Banco Popular implicated in debt investigation
In 2014, as the García Padilla administration geared up to launch its largest (and last) junk bond issue in the market, Banco Popular of Puerto Rico (BPPR) and Citi warned that said issue made no sense due to the immediate fiscal challenges it faced.
The certainty of Citi was such that they decided to distance themselves from the issue. BPPR on the other hand, and in spite of having recommended that the issue not be carried out, went onto form part of the bank trustees involved in --and enriched by-- the $3.5 billion issue.
According to the final report from Kobre & Kim, the firm hired by the Fiscal Control Board (FCB)
to investigate the causes of the government's debt, these actions have left the banking institution open to claims and repayments in the Puerto Rican government's bankruptcy process.
This document, which is over 600 pages long, includes a breakdown of the potential causes for action that could emerge from the investigation findings. In various instances, the debt investigators are ambiguous or timid in allocating responsibility, but in the case of Popular, they were adamant to point out that they are still liable to pay for participating in an issue that they themselves had advised against.
Nonetheless, Kobre & Kim clearly states that its list of potential disputes should not be construed as legal advice and recommends further counseling on the given facts. The investigation was mainly focused on BPPR, Banco Santander, and the Government Development Bank (GDB).
According to the report, the claims against BPPR revolve around their advice to the government regarding the controversial bond issue in 2014. The evidence gathered by the firm consists mainly of a memorandum letter written by Citi and BPPR and sent to David Chafey --who back then was president of the GDB and a former Popular executive-- where they advise that the issue made no sense.
Both financial institutions proposed instead to provide an immediate, tax-secured $2-billion injection to their liquidity. The government in exchange would have to approve a balanced budget act, an additional fiscal control act, and a 5-member oversight board including appointees from the Federal Reserve and the US Treasury.
As a sort of foreshadowing, the ideas contained in the proposal from BPPR and Citi gained traction in US Congress, laying the foundations for the Puerto Rico Oversight, Management, and
Economic Stability Act (PROMESA).
'A Citi witness stated that it made more sense to follow some of the suggestions in the memorandum, rather than do another bond offering. The witness also expressed his view that, after having a conversation with GDB about Citi's recommendations in the memorandum, Citi could not in good conscience underwrite another bond while proposing a different path.', reads the Kobre & Kim report.

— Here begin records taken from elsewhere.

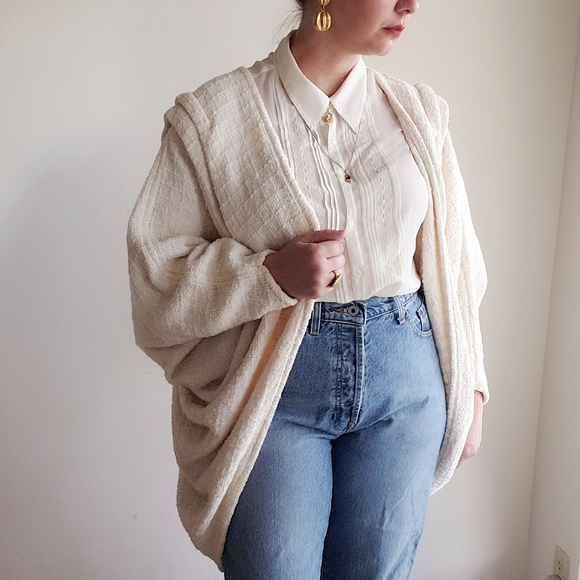 Vintage Gauzy Sheer Cream Blouse 90's Button Down - Picture 7 of 12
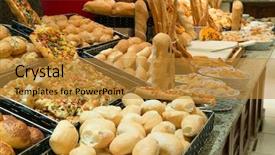  Presentation with bakery - Cool new PPT layouts with gold factory - bakery product assortment with bread backdrop and a gold colored foreground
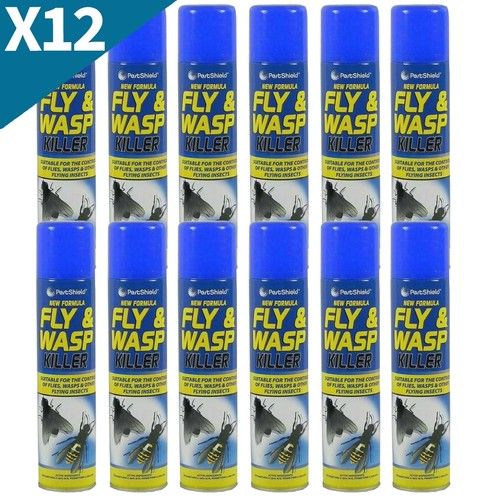 FLY AND WASP KILLER SPRAY KILLS FLIES WASP MIDGES MOSQUITO FAST ACTING 300ML NEW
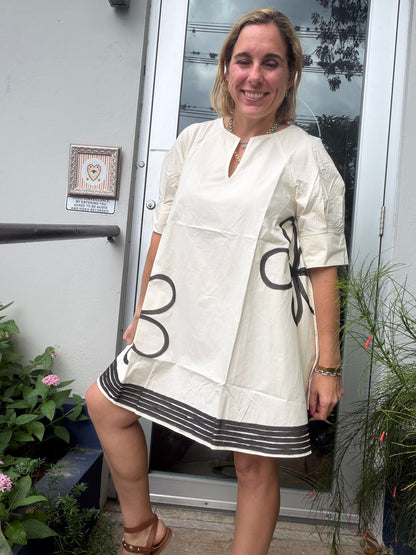 Black Flower Poplin Dress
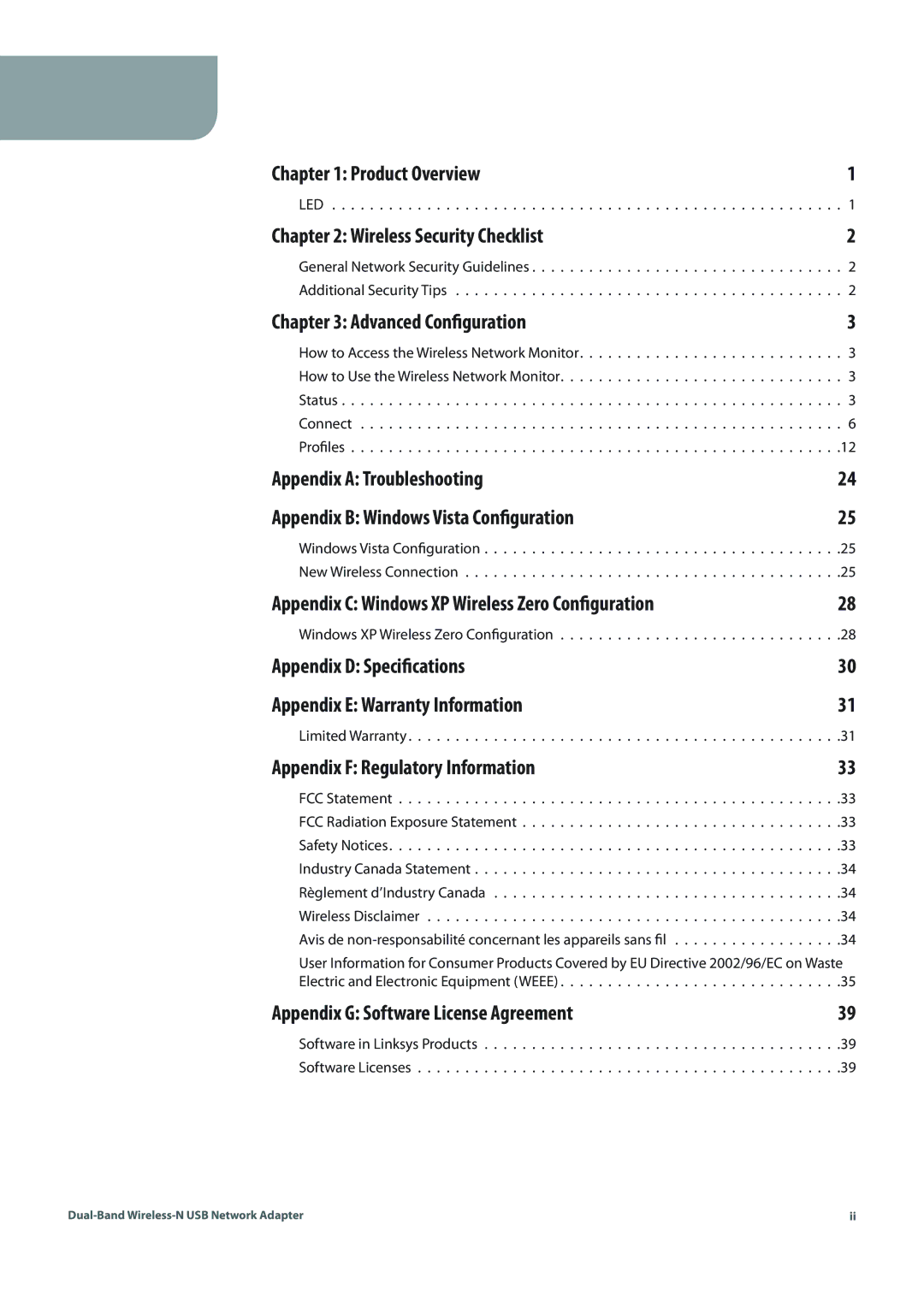 Linksys WUSB600N (EU) manual Table of Contents 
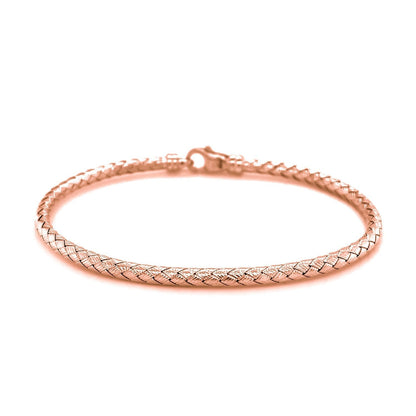 14k Rose Gold Fancy Weave Motif Bangle  DestGlow
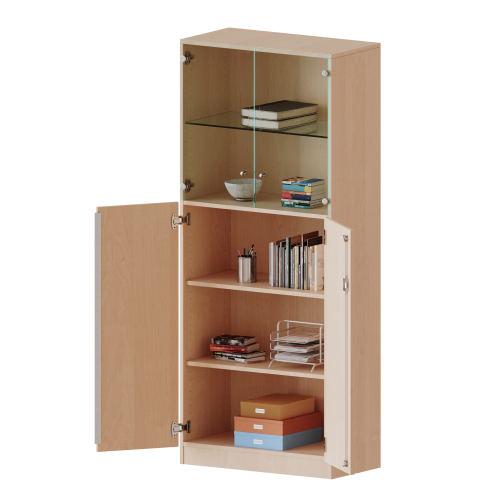 Schrank, 5 Ordnerhöhen, unten Türen (3 OH), oben Vitrinentüren (2 OH) - Serie evo180 B/H/T: 100x190x60 cm, 2 geschlossene und 2 Glastüren, abschließbar, mit Sockel (81 mm)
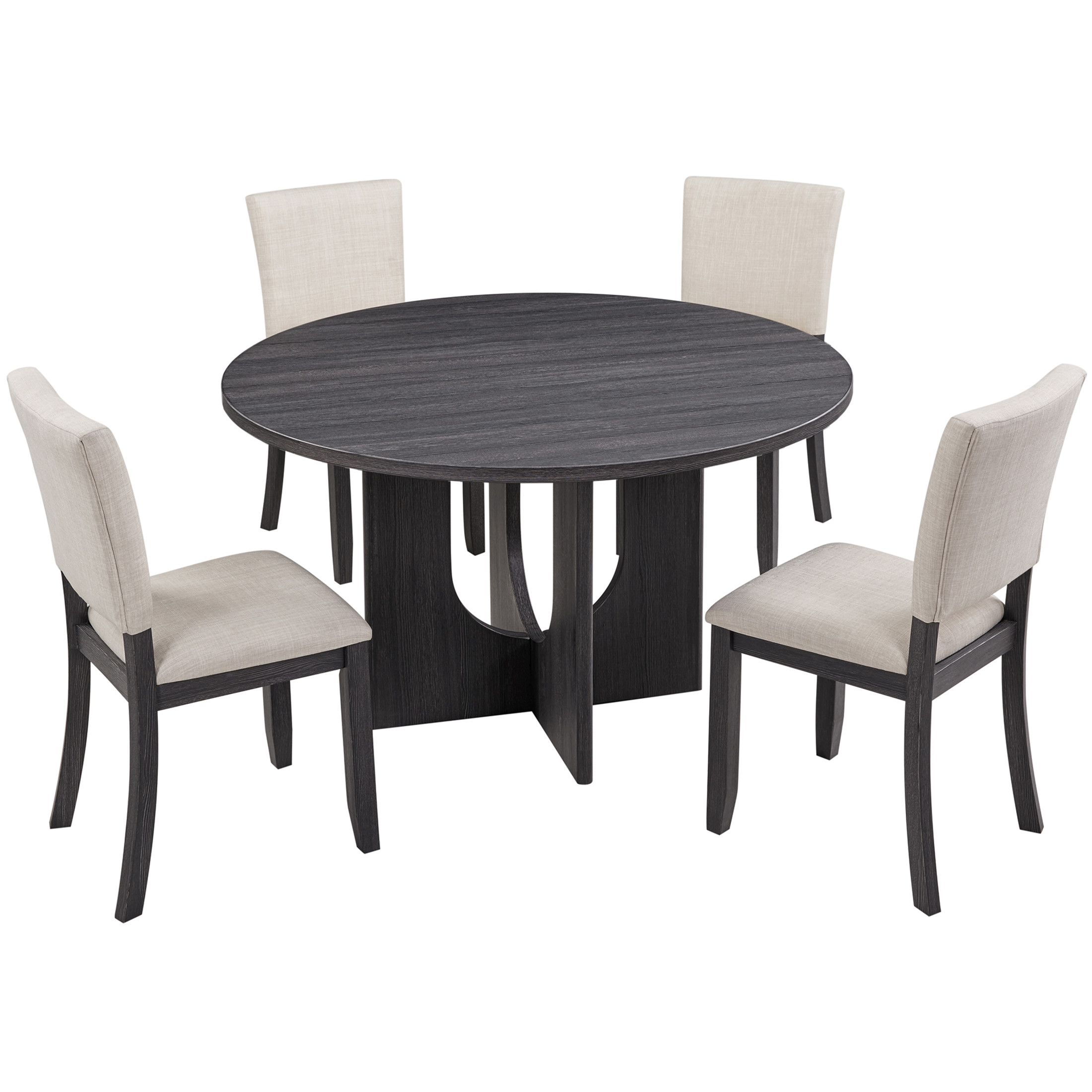 Noble House 47.3" Round Dining Table with Upholstered Chairs, Modern 5-Piece Dining Set, Antique Black+Beige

The report states that, with the assessed evidence, it is possible that a court may conclude that Popular's actions serve as a basis to equitably subordinate any claim it files in the Title III proceeding to other claims. This means that, inasmuch as BPPR has any pending claims in the bankruptcy proceedings, there could be additional claims filed against BPPR by both creditors and the FCB, forcing the bank to pay instead of being able to collect as a creditor.

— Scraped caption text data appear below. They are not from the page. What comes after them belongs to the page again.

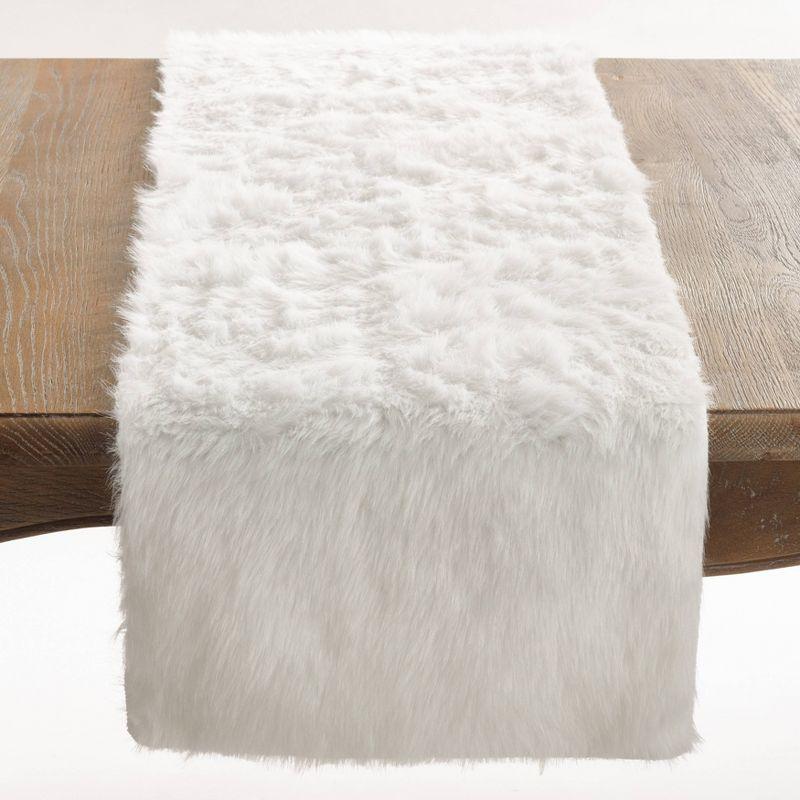 72"x15" Faux Fur Table Runner White - Saro Lifestyle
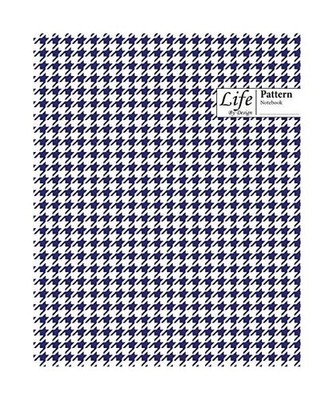 Checkered II Pattern Composition Notebook Wide Large 100 Sheet Navy Blue Cover, 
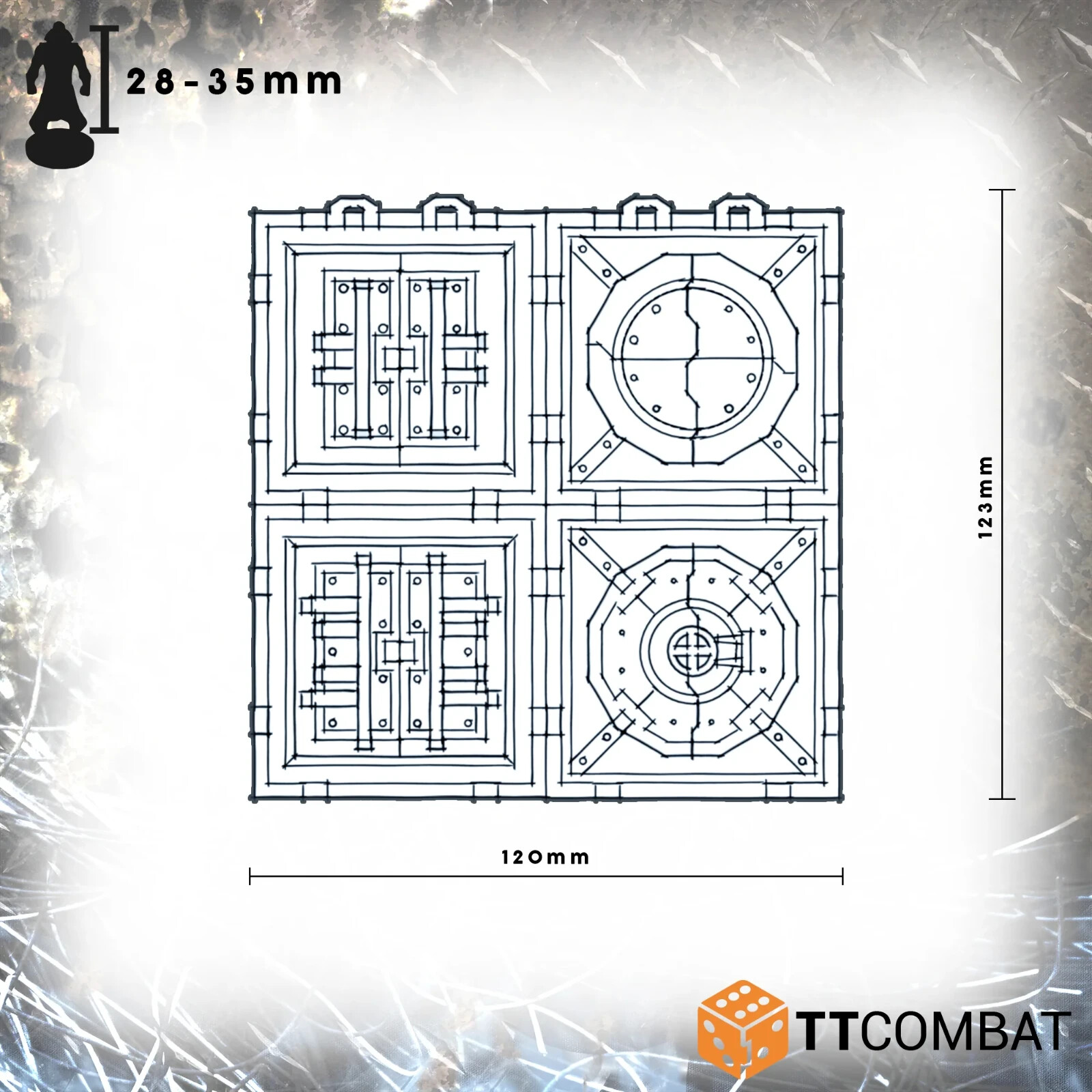 TTCombat TTSCW-SFG-166 Goliath Container Wall (Sci-Fi Gothic) Terrain Kit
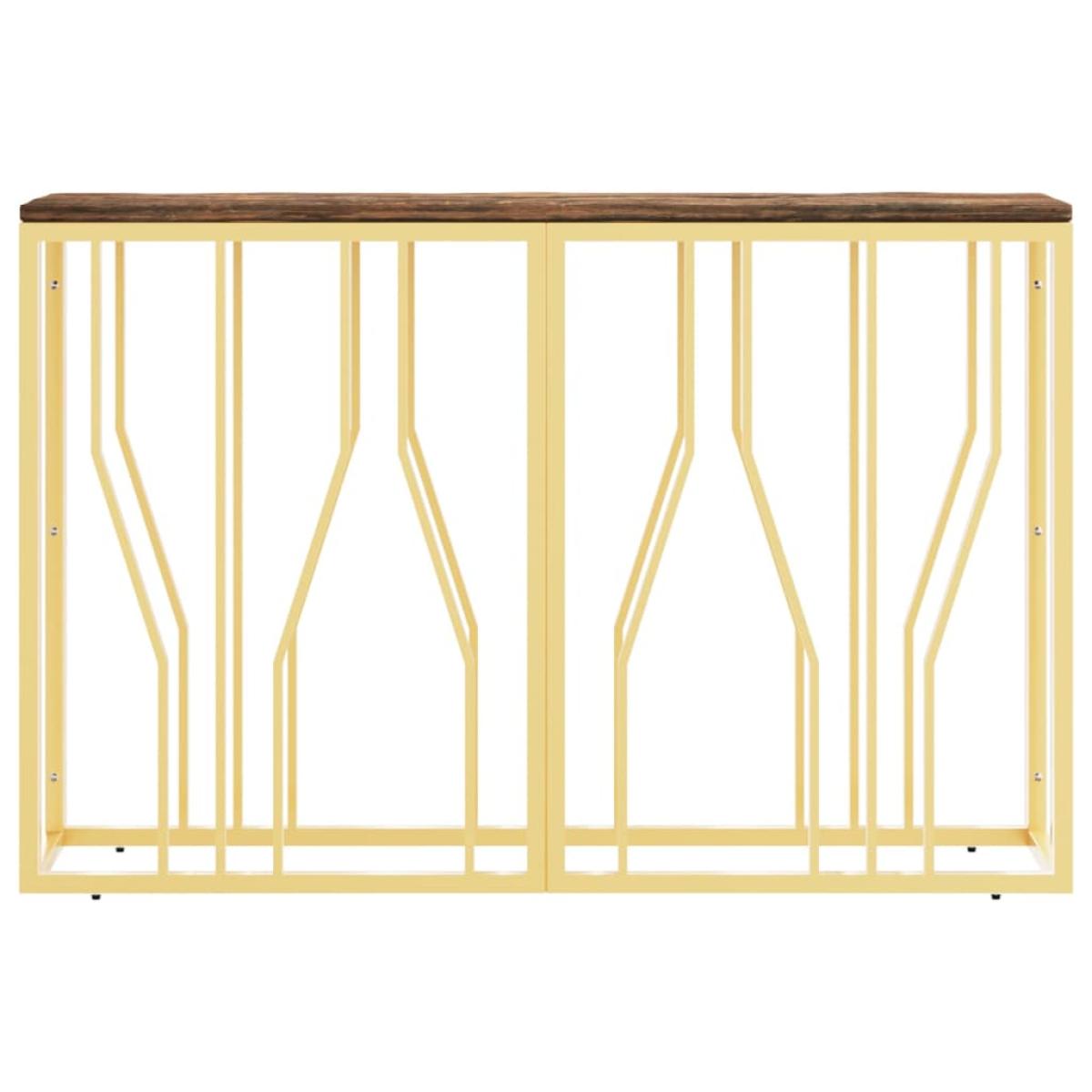 Mesa consola acero inoxidable y madera maciza reciclada dorada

'These remedies may be key to the chances of value recovery here, because other claims premised on the same conduct are likely to be barred by relevant statute of limitations and/or other defenses', the report says, explaining that, although other conducts may have already been prescribed, claims against Popular could still arise in the bankruptcy case through this recovery mechanism.
FCB Chairman Jose Carrión III had previously stated that he was ready to follow through with any cause for action determined through the investigation, and now the firm helps advance the prospect of selecting the jurisdiction for legal action. Aside from Puerto Rico, the report also mentions New York as a possible legal jurisdiction, since it has a statute of limitations of either 6 years after the event happened or two years after fraud was discovered.
After these discoveries were published, we attempted to contact BPPR, but they merely responded that 'at this moment, Popular is unable to provide specific feedback, since it involves current legal proceedings subject to strict confidentiality rules'.